Falling long-term interest rates have reduced
mortgage rates, encouraging a very small number of
buyers to return to the market. However, the
housing sector’s weak pulse is very likely to
vanish again in early 2007 as confusion over
Federal Reserve policy mounts, the pace of
inflation quickens and financial markets in the US
swoon.
America’s economic fairytale has
turned into a nightmare and very few investors
realize it. In addition to producing a sudden and
sharp decline in household income by eliminating
the prospect of new mortgage refinancing for many
Americans, declining prices for new and existing
homes will have a strong negative impact on the US
financial system, severely restraining credit
growth. Falling home prices, especially in what
were once the hottest housing and mortgage markets
in the US, have caused mortgage default rates and
foreclosures to surge higher.
The
combination of rising defaults, foreclosures and
falling collateral values is beginning to weaken
the balance sheets of mortgage lenders, including
several of America’s largest banks. Growing
weakness in the banking sector is very alarming.
Banking sector and economic crises in many
countries over the past 25 years can be traced to
overly enthusiastic credit growth used to finance
either capital investment or real estate
speculation, or both. Japan offers a stunning
example of what can happen after a real estate
bubble bursts.
The Federal Reserve appears
determined to let financial markets “self-correct”
in order to adjust interest rates to changing
expectations for economic growth and inflation.
Self-correction is a defining feature of financial
markets.

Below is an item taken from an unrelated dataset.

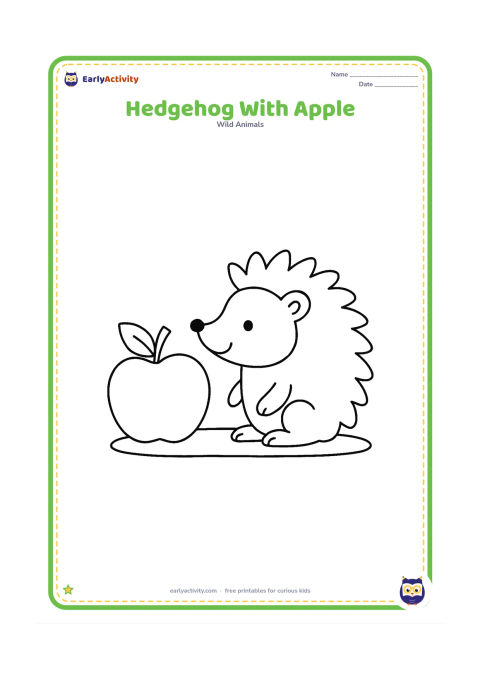 Colouring page: Draw a hedgehog sitting beside one large fallen apple, looking toward it. Include a short curved stem, two simple leaves and a plain ground patch.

However, with the Fed rudderless, it is
very unlikely that this self-correction will occur
in an orderly and gradual manner. Rather, such
self-correction will be sudden and sharp.
Dollar devaluation Growing
concern at the Federal Reserve over the impact of
rapidly rising mortgage defaults and foreclosures
on the US banking system will prevent it from
tightening monetary policy in 2007. Inflation in
the US is already substantially higher than
inflation in Europe and Japan. Rising energy
prices joined by rising food prices will have a
greater impact on inflation in the US than in
Europe and Japan because dollar depreciation is
expected to partially offset rising dollar-based
commodity prices in 2007.
In addition,
inflation will rise from a much lower base in
Europe and Japan than in the US. As a result, US
inflation will be much higher than inflation in
most other countries in 2007. More importantly,
real yields on US Treasury securities, which are
only marginally positive now, are expected to
become negative in 2007 as US inflation climbs
higher and the Fed begins to cut interest rates.
At the same time, real yields on European
and Japanese government bonds, which are already
higher than real yields in the US, are expected to
move higher. The growing real yield gap between
the US and other countries will place enormous
downward pressure on the dollar. Waning Fed
credibility and increasing political pressure in
the US for dollar depreciation will speed the
dollar’s decline.
Democrats will take
control of the US Congress in January 2007.
Democrats have a strong history of economic
intervention and are very likely to use trade and
exchange rate policy changes in an attempt to
reinvigorate rapidly slowing US economic growth.
Asia’s economic giants, Japan and China, are
likely to take the brunt of any economic policy
changes engineered in the US Congress.
Legislation in the US aimed at prying open
export markets in Japan and China is likely to
inflame already substantial trade tensions,
especially between Washington and Beijing.